I have a 100 watt Red Dragon RDL6040 that came with a 63mm focus lens. I also ordered a shorter focal length lens at 50mm. Red dragon say just replace the 63mm lens form the 50mm in the laser head and all will be fine. Yet on line I can see laser heads all stating the focal length. Do I need another tube of different length to change between lenses? What if I wanted a 103mm lens?
Regards
Mick
Do a ramp test to find it’s focal point… You should do this when you change optics in the path to ensure it’s properly operating.
With lenses, tubes and nozzles there are a few things to keep in mind.
Notice where the lens actually is, nozzle configuration, the distance from the material and the intended purpose. The lens must have ‘room’ to get through the nozzle outlet. Long lens the focus far from the object will have a bigger beam, growing smaller as it reaches the material. There nozzle must have a ‘hole’ large enough to accommodate this.
These tubes can be ‘flipped’ over to change lens position…
These are ‘c’ series lenses/tubes but hopefully it will help better than me trying to explain it.
I am lacking the 2.5" lens, but have the rest of them.
If you want the ‘best dot’ lens, for engraving the compound lens is probably the best choice, if you can fit it in your system…
I have my lenses in separate tubes and nozzles.
Thanks Jack
I appreciate your reply… I guess what you are saying is yes, you will need to have the appropriate Laser Head to accommodate the differing lenses.
Here are a couple things to keep in mind. The laser beam that bounces off the mirrors is pretty much a constant diameter. The purpose of the lens is to concentrate that energy into a very small dot. The purpose of the tube is to hold the lens and the nozzle. The nozzle is important because pressurized air inside the nozzle rushes out the hole and helps the beam cut and also blows smoke out of the way. So the lens is held as some focal distance from the work and the air has to make it into the cut. Farther the focal length the more difficult it is for the air to hit the cut with any volume. Also the beam might be wide at that point so the hole in the nozzle might be bigger.
So its preferred to have a lens tube for every lens. However long lenses with the lens stuffed way up inside the tube is not ideal. Just my opinion. So on my long lens I mounted it at the end and skipped the nozzle and just direct the air down on the cut.
Most of these machines are low cost, so they don’t target a wide variety of things like tube/lenses.
Just keep your eye open as there are options that creep up… The more you know the better… and the better decisions you make.
Take care
In most cases, a 2" lens is best all-around.
The beam leaves the lens at about the same diameter it enters, and converges 2" down. A 2D section of that is a triangle. We don’t want that triangle to clip on the air assist cone orifice. The more clearance there is between the focal point and the cone, the larger that orifice needs to be which can make for bad airflow.
The necessary relationship is just trigonometry of beam diameter, focal distance, and orifice size and placement.

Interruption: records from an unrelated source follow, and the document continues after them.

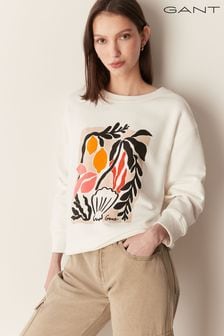 GANT Cream Palm Print Relaxed Fit Sweatshirt (413631) | AED666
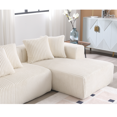 thumbnail image 6 of Modern U-shaped Corduroy Upholstered Sectional Sofa with 2 Chaise, 1 Double Seat Sofa and 8 Throw Pillow for Living Room, Bedroom, Office, White, 6 of 7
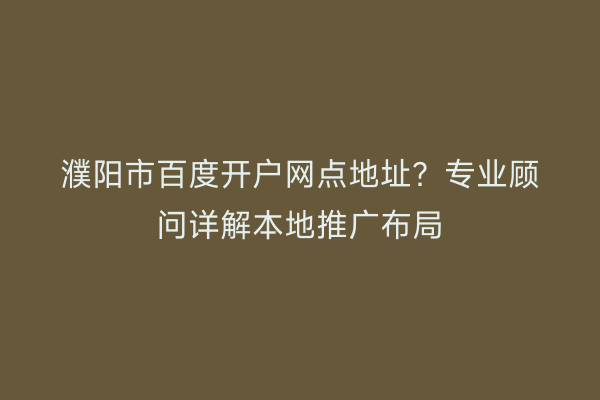 濮阳市百度开户网点地址？专业顾问详解本地推广布局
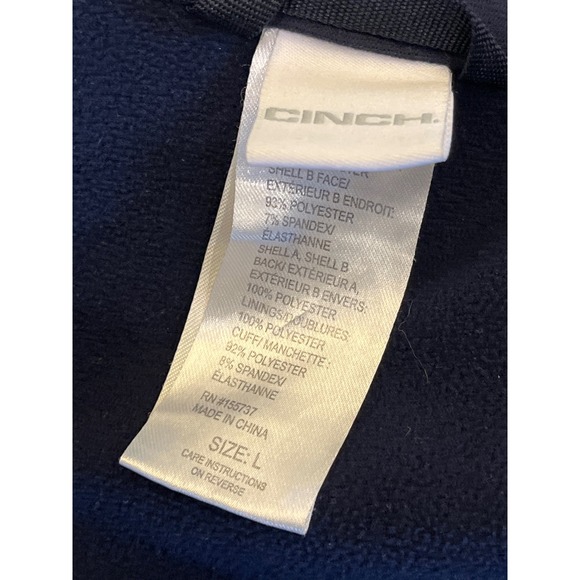 Cinch Womens Bonded Jacket Grey Navy Blue Full Zip Fleece Lined Mock Neck - Picture 9 of 9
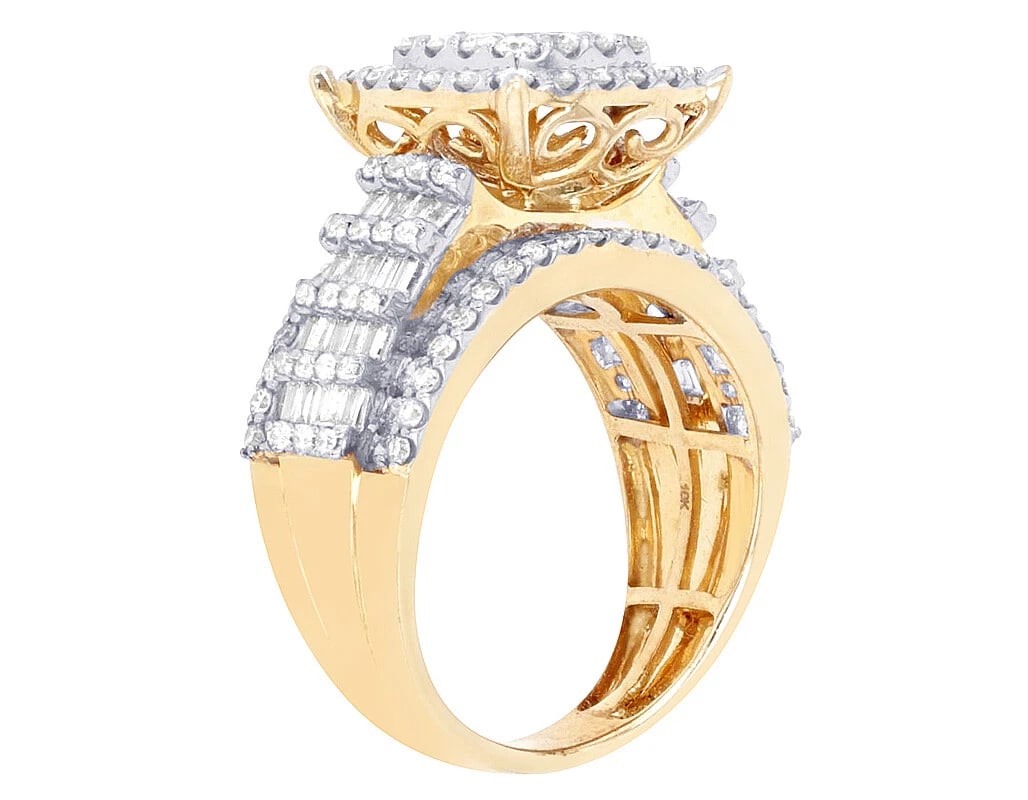SQUARE CLUSTER N BAGUETTE DIAMOND RING - 4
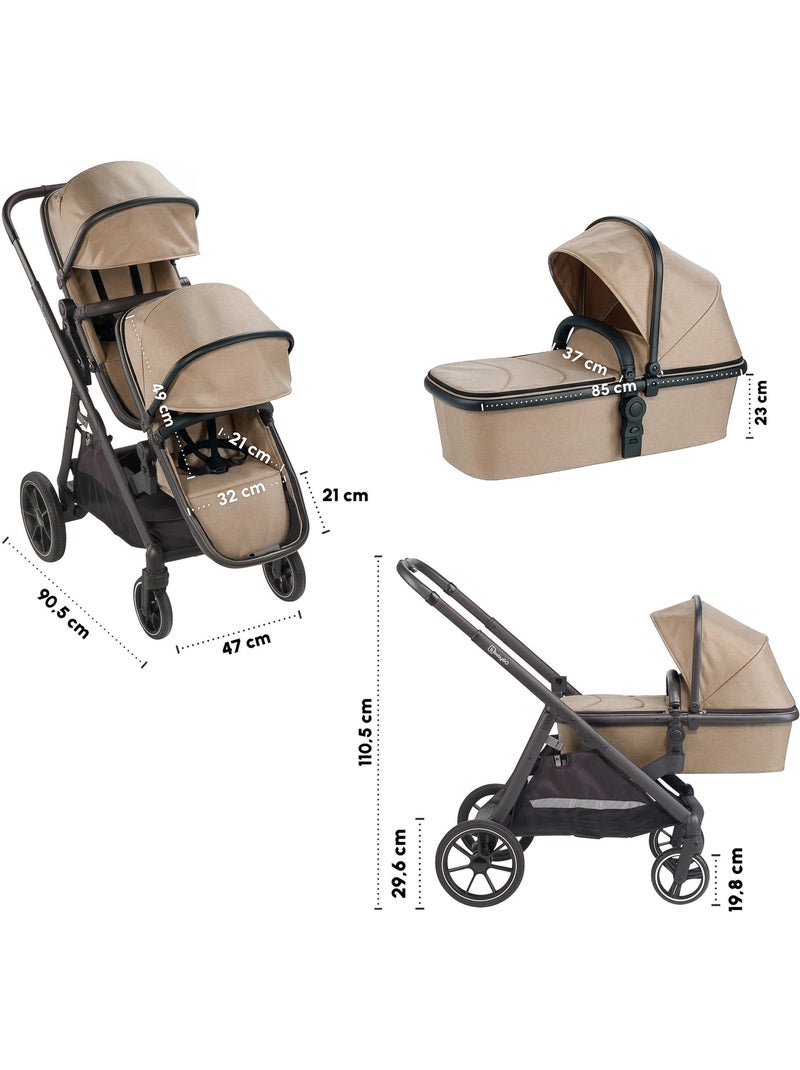 Poussette dupla 2 em 1 Duo, também adequada como carrinho para irmãos – babyGo Bege - Kiabi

When we change lenses to a different focal length, usually we still use the same nozzle orifice size, but either place the lens higher or lower in the tube or use a tube of a different length that places the nozzle orifice further or closer to the lens.
Since we’re just looking at the beam forming a cone (triangle on 2D model), you can see how the laser’s spot widens when you get out of focus. Like warped material. A longer lens with the same beam diameter is a more acute triangle, and less affected when the cutting height varies from the perfect focus. i.e. it has a greater “depth of focus”.
However, there’s a cost- for reasons that are all “crazy physics stuff”, the minimum spot size at perfect focus actually scales with the RECIPROCAL of the focal length. Going from a 2" lens to a 4" lens doubles the diameter of the focal point, reducing its energy density by a factor of 4x. Also since it’s a larger diameter, it’s a larger kerf, and can’t engrave fine detail.
For fine detail, or where we have to have high energy density on a very flat, thin surface like burning off anodization from aluminum, we can use a 1.5", 1" lens- or, this compound engraving lens is a CRAZY 10.5mm, it will produce a radically more intense focal point, 23x the energy density!
However, the cost is a reduced depth of focus. These have to be at the PERFECT focal point, and must be very flat. These are terrible at cutting anything that’s not very thin. Also, high resolution engraving with a finer focal point means the line interval must also be scaled down- which scales up the runtime for a given area of work.